The sequencing of SARS-CoV-2 is unveiling the complex evolutionary dynamics taking place at multiple sites in the virus genome. Current attempts to understand the dynamics of the multitude of SARS-CoV-2 variants is overwhelming. Yet, different variants often share the same mutations affecting, for example, transmission (for example, D614G58,59) or vaccine escape (for example, E484K60,61). Hence, studying the dynamics of the mutations, rather than the variants, can provide greater insight. For example, as recombination is common in coronaviruses62, including SARS-CoV-2 (for example, refs. 63,64,65), one pressing question is whether it will produce a variant that is both highly transmissible/virulent and exhibits vaccine escape63,66. Although this is a worrisome possibility, our mutation-centred analysis emphasizes that such a variant need not be ‘fitter’; depending upon the vaccine protections, these two adaptations (mutations) may produce negative epistasis and so be disfavoured in combination. Indeed, the SARS-CoV-2 vaccines provide multifaceted protection, reducing infection67,68, infectiousness69,70, virulence68 and infection duration71. The relative strengths of these protections will determine the sign and magnitude of epistasis, and it is epistasis that determines the evolutionary fate of recombinant variants, not the fitness of the ‘parental’ variants. Indeed, even if the escape allele is not costly and instead has increased transmission and/or decreased clearance as compared with the wild type, negative epistasis can still prevent the escape allele from evolving (Supplementary Information 6). Furthermore, in addition to combining different mutations, recombination also acts to break up LD between mutations. As the rate of recombination depends upon the likelihood of co-infection (and so the density of infections), non-pharmaceutical interventions such as social distancing, travel restrictions or mask wearing,will reduce its rate. Previous work suggests that the usage of non-pharmaceutical interventions in response to the SARS-CoV-2 pandemic may affect the epidemiological dynamics of seasonal influenza and respiratory syncytial virus72; our work indicates that limiting recombination may have other evolutionary consequences beyond restricting the generation of novel variants.

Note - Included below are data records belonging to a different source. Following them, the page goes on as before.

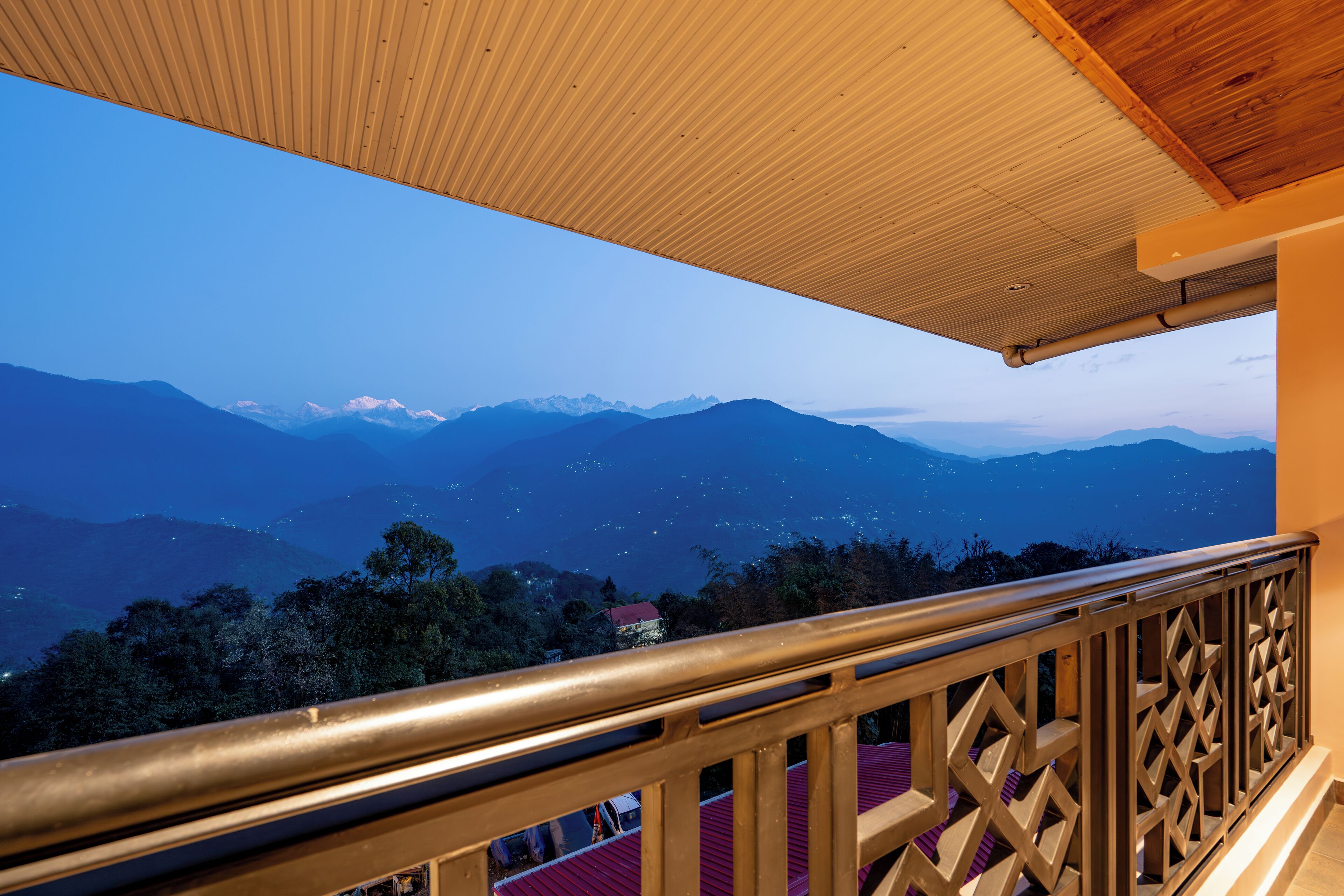 A balcony with a view of snow-capped mountains and a clear sky.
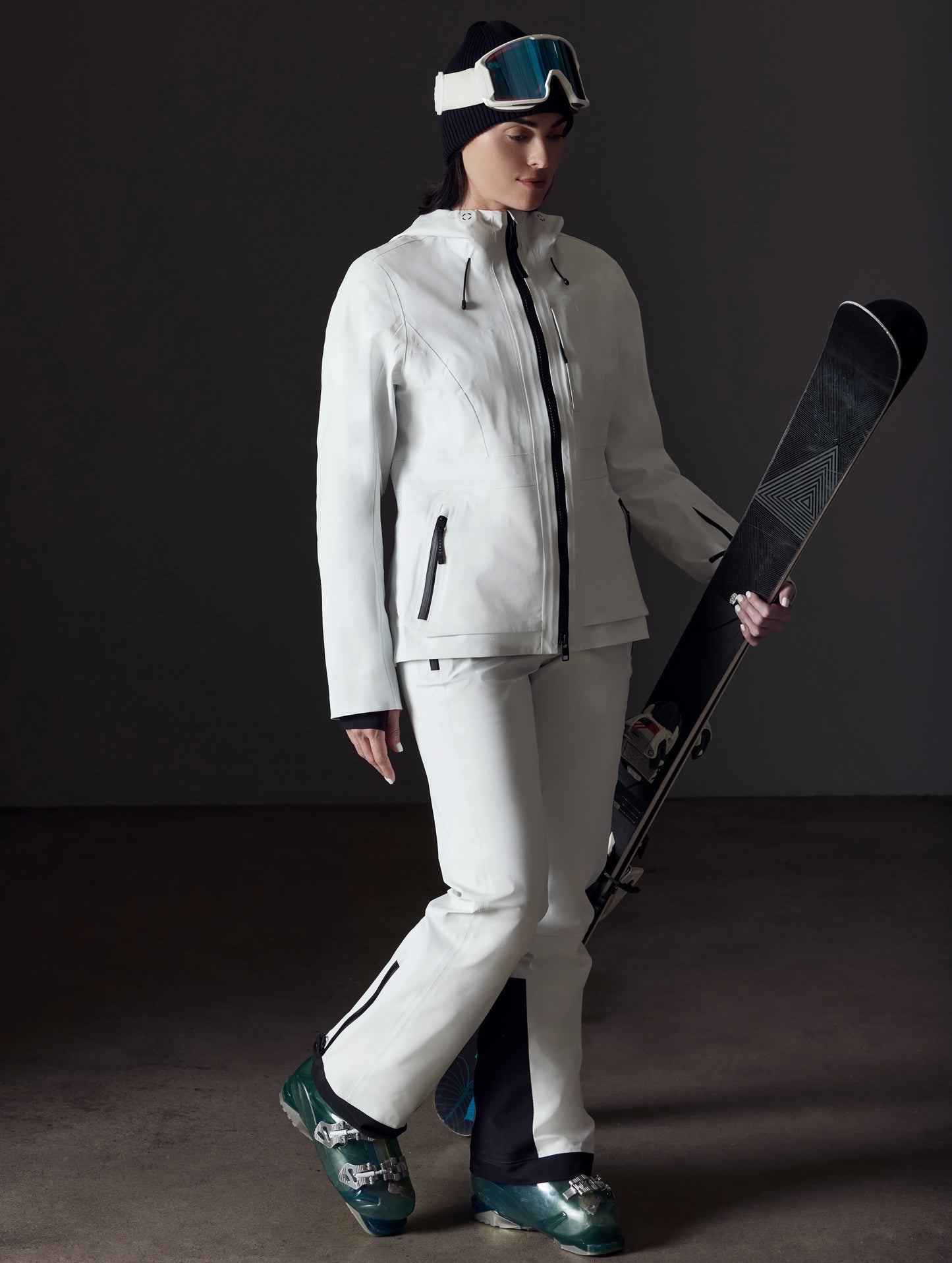Front angled full-body view of woman holding skis wearing Boyd Snow Jacket in White from AETHER Apparel.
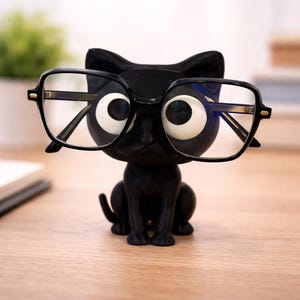 May include: A black cat-shaped eyeglass holder with large white eyes and a pair of black-framed eyeglasses. The holder is made of a glossy material and sits on a wooden surface. The cat is in a sitting position.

More generally, the framework we have developed here could equally be applied to other situations involving multiple interacting loci such as distinct loci controlling different aspects of immune-escape or compensatory mutations, while incorporating additional aspects of population structure such as a spatially heterogeneous vaccination rate or other heterogeneities among hosts are straightforward extensions35,73. Further, our multi-locus model is particularly well suited to understand how temporally variable perturbations of the epidemiological dynamics such as non-pharmaceutical interventions or other immunological effects (for example, vaccination of adults, waning immunity) will feedback on the transient evolutionary dynamics. Thus, this framework helps to account for the joint evolution of multiple mutations and can provide a complementary perspective to the variant-centred view that is currently being used to understand the ongoing pandemic of SARS-CoV-2.